### PROBLEM STATEMENT
Could you restate word for word only the lines below from the one holding "Hey guys, welcome" to the one holding "In this support", inclusive, and leave out the pictures?
EXERCISE MATERIALS START
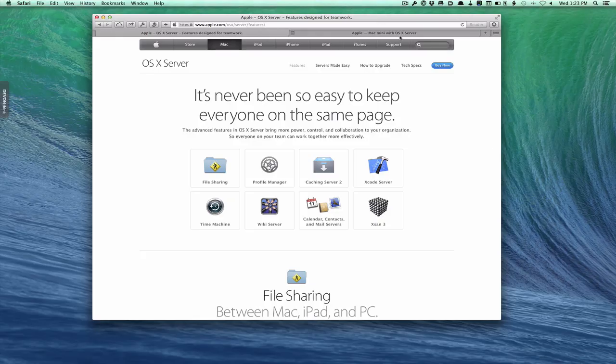Hi everybody, this is Todd Oltoff from ToddOltoff.com coming back at you with another screencast. This week we're going to take a look at the install and setup of Mavericks Server. I've already done a tutorial on how to upgrade for those of you that have already had server running and wanted to go through the upgrade process, so you can see my other tutorial on that. But today what I thought I'd do is talk about how to set up server with a fresh install, starting at the beginning.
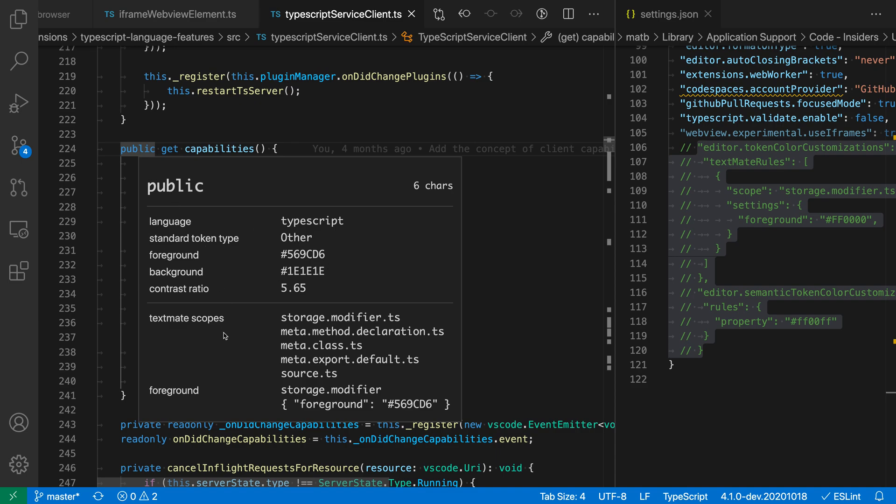And the way that these colors are being computed is a combination of the TextMate scopes and the theme. So here are all the relevant TextMate scopes. This is a storage modifier that is being computed by the TextMate grammar, or inside a method declaration, inside of a class, and so on.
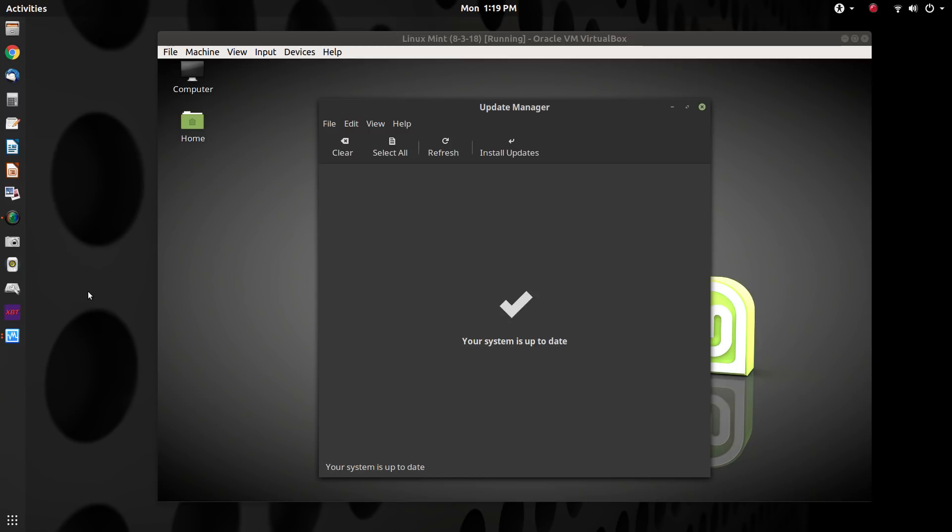It does behoove you to go read up on how these kernels work, and you can look at that in the Ubuntu documentation. So I hope this video helped. Thank you for watching.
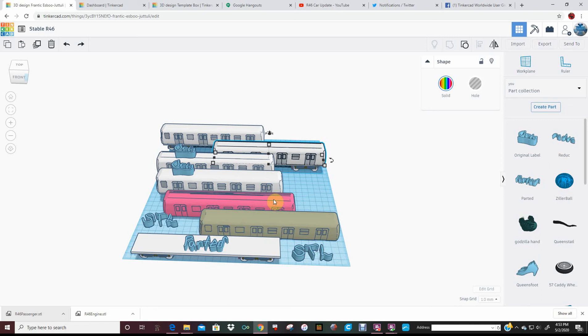So these are two STLs that I re-imported, so I labeled them. And they still have their freaky, fresh from the conversion color.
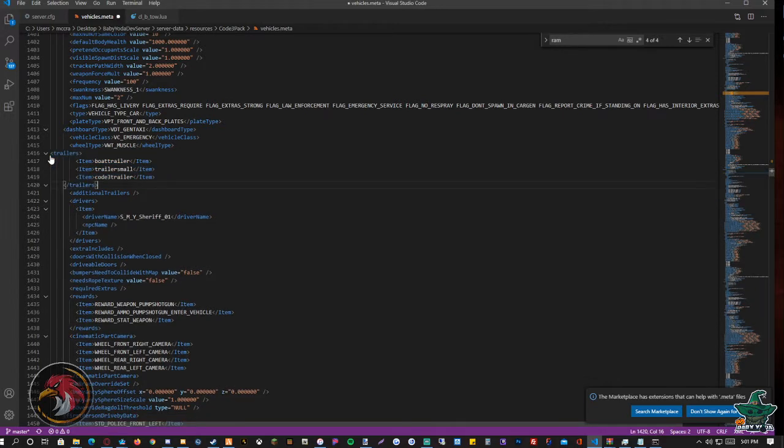And you're going to paste it and it's going to be like that.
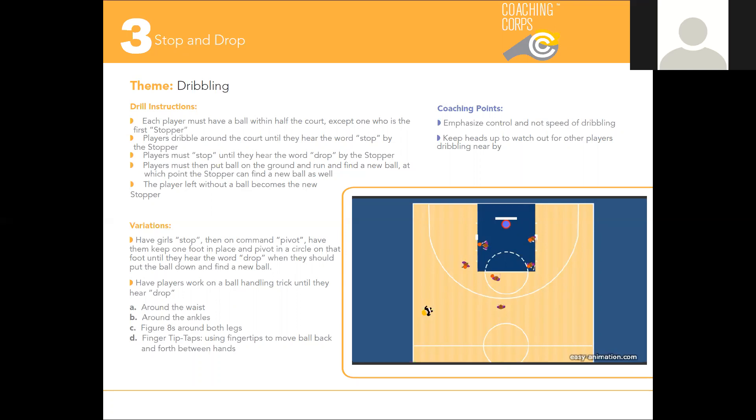When the stopper yells 'drop,' players put the ball on the ground and run to a new ball. At this point, the stopper can also try to find a ball. The player who is left without a ball becomes the new stopper.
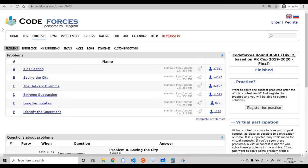Hello everyone! In this video we are going to look at the first four problems from the recent Codeforces Div 2 Round 681. Let's get started.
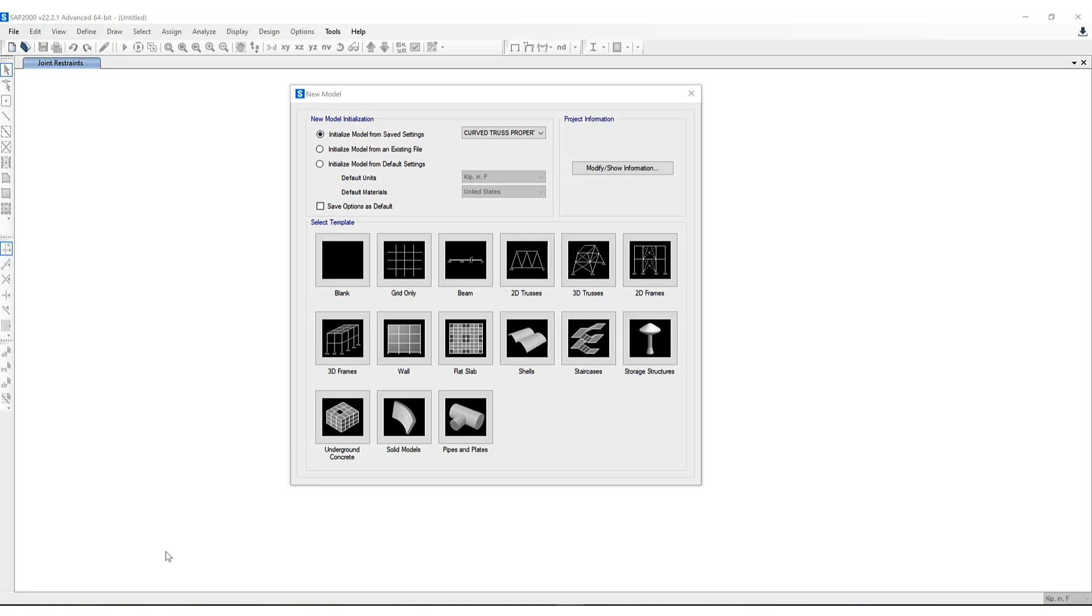Many users deal with the pain of having to repopulate initial models with data that they use frequently. These three options allow the user to save quite a bit of time.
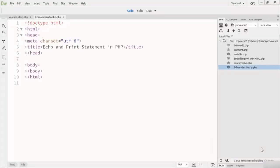Hey guys, welcome to this lecture. In this lecture we are going to talk about the difference between the PHP echo and the print statements, and how we can display these statements into the browser.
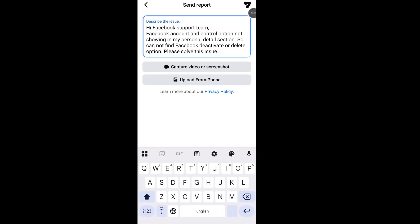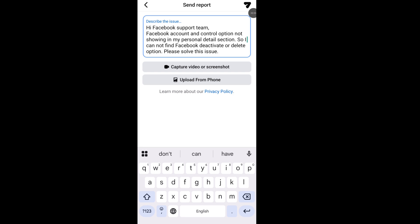In this support box, write down: Hi Facebook support team, Facebook account and control option not showing in my personal details section, so I cannot find Facebook deactivate or delete option. Please solve this issue. And then send your report to the Facebook support team.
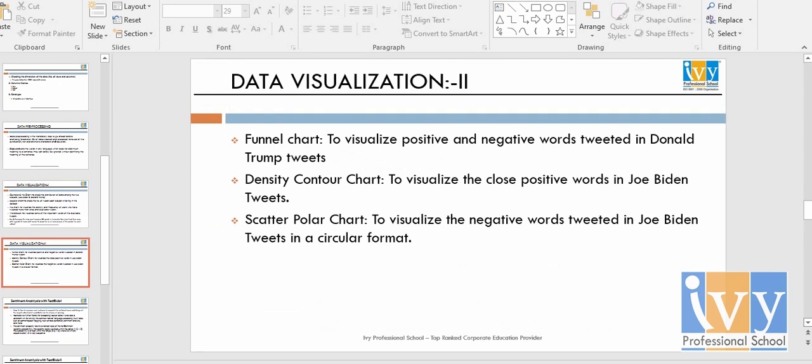For data visualization part two, I used a funnel chart and a density counter chart and a scatter polar chart. The funnel chart is used to visualize positive and negative words tweeted in Donald Trump tweets, and the density counter chart to visualize the closest positive words in Joe Biden tweets.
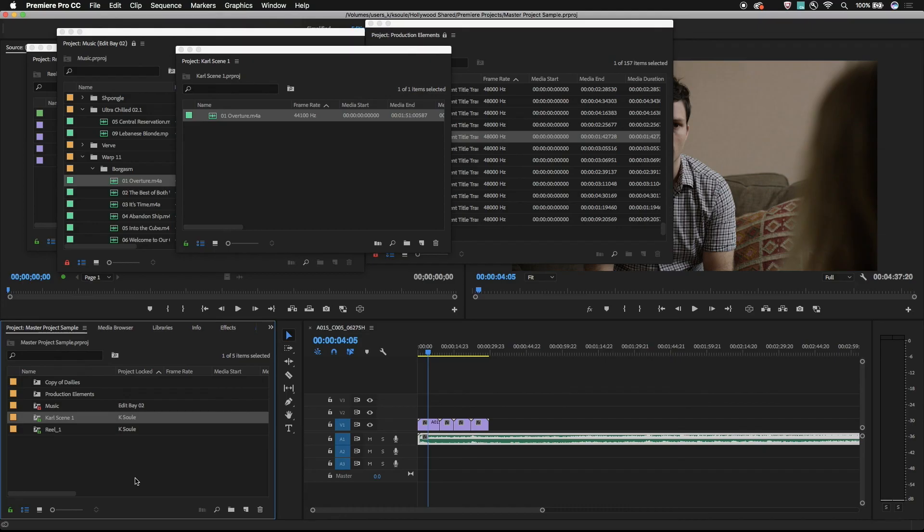Master projects provide an easy way for editors working together to easily pass media and sequences around within the team.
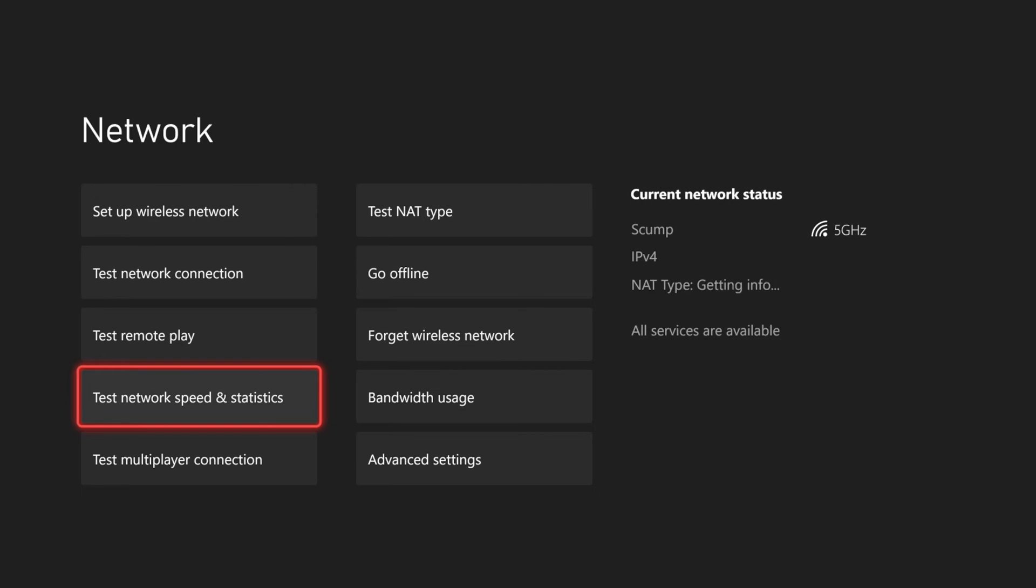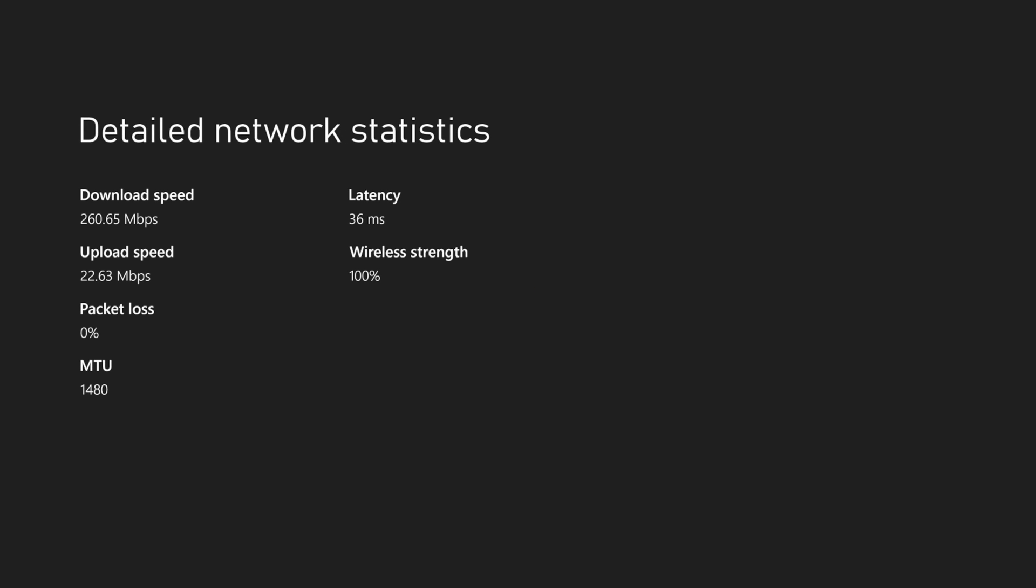And it's going to give us the download speed and the upload speed. All right, so you can see my download speed is 260, my upload is 22, and my latency is 36 and my wireless strength is 100%.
EXERCISE MATERIALS END
### RESPONSE FOR THIS EXERCISE
Hey guys, welcome to this lecture. In this lecture we are going to talk about the difference between the PHP echo and the print statements, and how we can display these statements into the browser.
In this support box, write down: Hi Facebook support team, Facebook account and control option not showing in my personal details section, so I cannot find Facebook deactivate or delete option. Please solve this issue. And then send your report to the Facebook support team.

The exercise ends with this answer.